Can beginners do the Assisted Obliques Stretch?

Yes, beginners can certainly do the Assisted Obliques Stretch exercise. It is a simple and effective exercise to start with. However, as with any exercise, it's important to use proper form and technique to prevent injury. For beginners, it might be helpful to have a trainer or a knowledgeable person guide them initially. Additionally, it's important to listen to your body and not push too hard, too fast. Gradual progression is key in any exercise routine.
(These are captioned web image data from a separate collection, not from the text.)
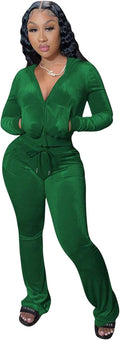 velour tracksuit womens 2 piece set - retro crop zip jacket & flared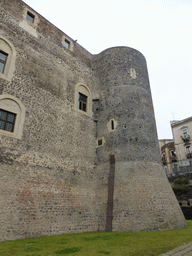 Southeast side of the Castello Ursino castle and its moat
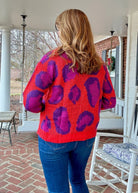 Animal Print Button Front Cardigan/Sweater - Red - Cardigan - Jimberly's Boutique - Olive Branch - Mississippi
What are common variations of the Assisted Obliques Stretch?

  • Standing Oblique Stretch: Stand up straight, place your right hand on your hip, and raise your left arm straight up and slightly lean to the right to stretch the left oblique.
  • Lying Oblique Stretch: Lie on your back with your knees bent and feet flat on the floor, then let your knees fall to the right side while keeping your shoulders flat on the floor to stretch the left oblique.
  • Yoga Side Bend: Stand in a yoga stance with your feet shoulder-width apart, raise your right arm above your head, and lean to the left to stretch the right oblique.
  • Pilates Mermaid Stretch: Sit on the floor with your legs folded to the right, place your left hand on the floor and raise your right arm

What are good complementing exercises for the Assisted Obliques Stretch?

  • Side Planks: Side planks complement the Assisted Obliques Stretch by strengthening the oblique muscles, improving stability and balance, and enhancing the effectiveness of the stretch by building endurance in the targeted muscle group.
  • Bicycle Crunches: Bicycle crunches work in tandem with the Assisted Obliques Stretch as they engage both the obliques and the rectus abdominis, promoting overall core strength and helping to further stretch and tone the obliques.